640x480x16 Performance?

Question about which tools to use, bugs, the best way to implement a function, etc should go here. Don't forget to see if your question is answered in the wiki first! When in doubt post here.
rkennedy9064
Member
Member
Posts: 36
Joined: Wed Sep 01, 2010 3:54 pm

640x480x16 Performance?

Post by rkennedy9064 »

I've been playing around with vga modes and was wondering about the performance of vga 640x480x16. 320x200x256 was pretty easy to implement since it's 1 byte per pixel, but 640x480x16 seems to have a lot of performance costs since you have to calculate which of the 8 pixels you want to set. From what I've seen write mode 2 seems to be one of the faster ways to display things on the screen. I currently have a screen buffer I use to store the color data for each pixel, then a function to copy the data to the screen. I know that if all the pixels are the same color you can use the set/reset register to write 8 bits at a time, but is there any faster way to write data to the screen if each pixel can be any color? This is the code I have to copy the data to the screen currently.

Code: Select all

let frame_buffer = self.get_frame_buffer();
for offset in 0..SIZE {
    let color = self.screen_buffer[offset];
    // Set the mask to the pixel being modified
    vga.graphics_controller_registers
        .set_bit_mask(0x80 >> (offset & 0x7));
    // Faster then offset / 8 ?
    let offset = offset >> 3;
    unsafe {
        // Load the memory latch with 8 pixels
        frame_buffer.add(offset).read_volatile();
        // Write the color to the masked pixel
        frame_buffer.add(offset).write_volatile(color);
    }
}
alexfru
Member
Member
Posts: 1111
Joined: Tue Mar 04, 2014 5:27 am

Re: 640x480x16 Performance?

Post by alexfru »

No, you should:
  • not read from VGA RAM
  • not redraw unchanged parts (unless it's just a few pixels/chars here and there or the text cursor or mouse pointer)
  • generally avoid (frequent) changes on the screen (e.g. don't redraw windows while they're being dragged across the screen, don't do any other expensive animation like transparency, blending, gradually collapsing/expanding windows, etc)
  • minimize VGA I/O port traffic (e.g. handle one plane of several adjacent pixels at once, then another plane, and so on; e.g. you can fill a horizontal scanline in 4 takes, a plane at a time)
  • prefer filling various shapes (window borders, buttons, etc) with solid colors, minimize the use of bitmaps/images
  • have optimized text output (you can optimize for solid colors, for empty space above/below chars, etc etc)
Oh, if you have multiple CPUs and can boot them, do that too.
User avatar
bzt
Member
Member
Posts: 1584
Joined: Thu Oct 13, 2016 4:55 pm
Contact:

Re: 640x480x16 Performance?

Post by bzt »

Oh, you mean 16 colors (4 bits) and not 16 bits (64k colors)?
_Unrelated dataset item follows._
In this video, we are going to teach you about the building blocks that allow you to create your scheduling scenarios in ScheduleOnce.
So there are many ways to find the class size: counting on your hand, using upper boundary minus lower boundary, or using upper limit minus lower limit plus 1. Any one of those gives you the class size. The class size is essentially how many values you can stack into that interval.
Then alexfru is right.

I'd highly recommend against that mode. But If you insist, the only way to make it fast is to have a copy of the screen in RAM. Then
- when you modify a pixel, you create a list of boxes, areas that has changed. Updating a window can mark the entire window area, no need to check every pixel
- on vertical retrace, you "flush" the screen, you iterate through that list 4 times: first you switch to plane 0, then you update every pixel's 1st bit in the list by copying the area from the RAM screen to the VGA screen. Then you switch to plane 1, and copy the 2nd bits, etc.
- when done, you clear the list

This minimizes the number of plane switches (which is slow), and updates video RAM when it is not used (during a vertical retrace). Also you can calculate the screen offsets of the boxes once and reuse them for all 4 plane writes.
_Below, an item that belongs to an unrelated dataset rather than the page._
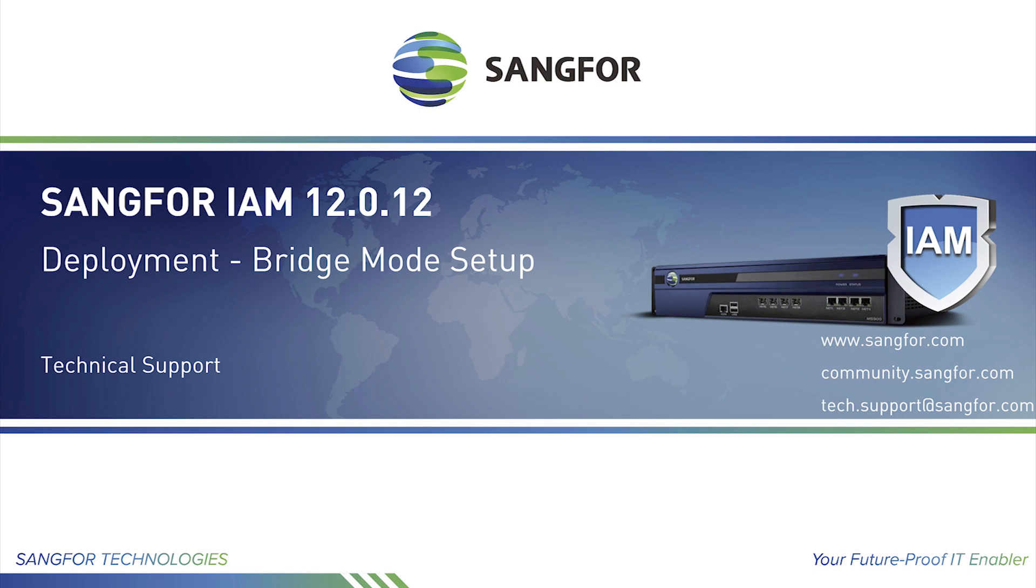Hello everyone, in this video you will learn how to connect and configure a new SangFor IAM in bridge mode. Bridge mode is popular and most used for SangFor IAM.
If I were you, I'd rather consider using SVGA mode at least (or even better VESA). If you don't use the VESA 2.0 extensions, some modes have fixed mode values. and you can set them with INT 10h/AH=0. But you really should use VESA (INT 10h/AH=4F) instead, that's more supported and also provides linear frame buffer access (no need for switch banks). Bank switch is necessary as the VGA has a 64k MMIO at 0xA0000, but a 640x480x16 (16 bits, not colors) resolution requires a little bit more than 600k of memory, so you have to map a certain 64k of that 600k at 0xA0000. Linear frame buffers use an address other than 0xA0000 (typically 0xE000000) and they are contiguous, meaning you can only access those from protected mode, but in return you can use the entire 600k as-is.

Cheers,
bzt
Gigasoft
Member
Member
Posts: 856
Joined: Sat Nov 21, 2009 5:11 pm

Re: 640x480x16 Performance?

Post by Gigasoft »

How often do you need to set a single pixel? Not very often, I assume.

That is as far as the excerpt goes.